- Born: Pamela Y. Duncan September 24, 1961 (age 64) Asheville, North Carolina, U.S.
- Education: University of North Carolina at Chapel Hill North Carolina State University
- Occupation: Novelist

= Pamela Duncan (novelist) =

American novelist

Pamela Y. Duncan (born September 24, 1961) is an American novelist. Her novels include Moon Women (2001), Plant Life (2003), and The Big Beautiful (2007). Her awards include the Sir Walter Raleigh Prize in 2003, and in 2000 she was chosen as one of the Ten Best Emerging Writers in the South. She won an American Library Association award in 2007. Her work often focuses on the lives of working class Southerners.

Duncan currently teaches creative writing at Western Carolina University.
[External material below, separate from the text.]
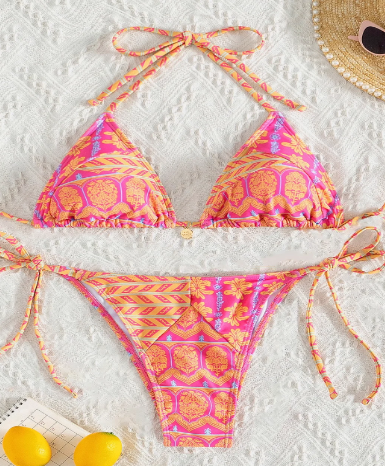 Bikini sexy de una pieza con estampado Jessie de Bella's™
== Early life and education ==
She was born in Asheville, North Carolina, as the oldest of three children born to Carl Jerome Duncan and Patricia Yvonne Price. As a child, she developed a love of reading. Her father would go to the library when they were throwing away old books and collect boxes of them to bring back to her. She was raised in Black Mountain, North Carolina, and Shelby, North Carolina. After graduating from Crest Senior High School, she enrolled in University of North Carolina at Chapel Hill where she majored in journalism and wrote for The Daily Tar Heel, UNC's student newspaper. During this time, Duncan worked as a babysitter and as a scout leader at Camp Golden Valley in Bostic, North Carolina. She received a bachelor's degree in English from the University of North Carolina at Chapel Hill and master's degree from North Carolina State University.

==Reviews==

===Moon Women===
- "... a mesmerizing tale of family and love, revelation and forgiveness."
- "... delightfully captures the lives of four North Carolina women and their relationships with each other."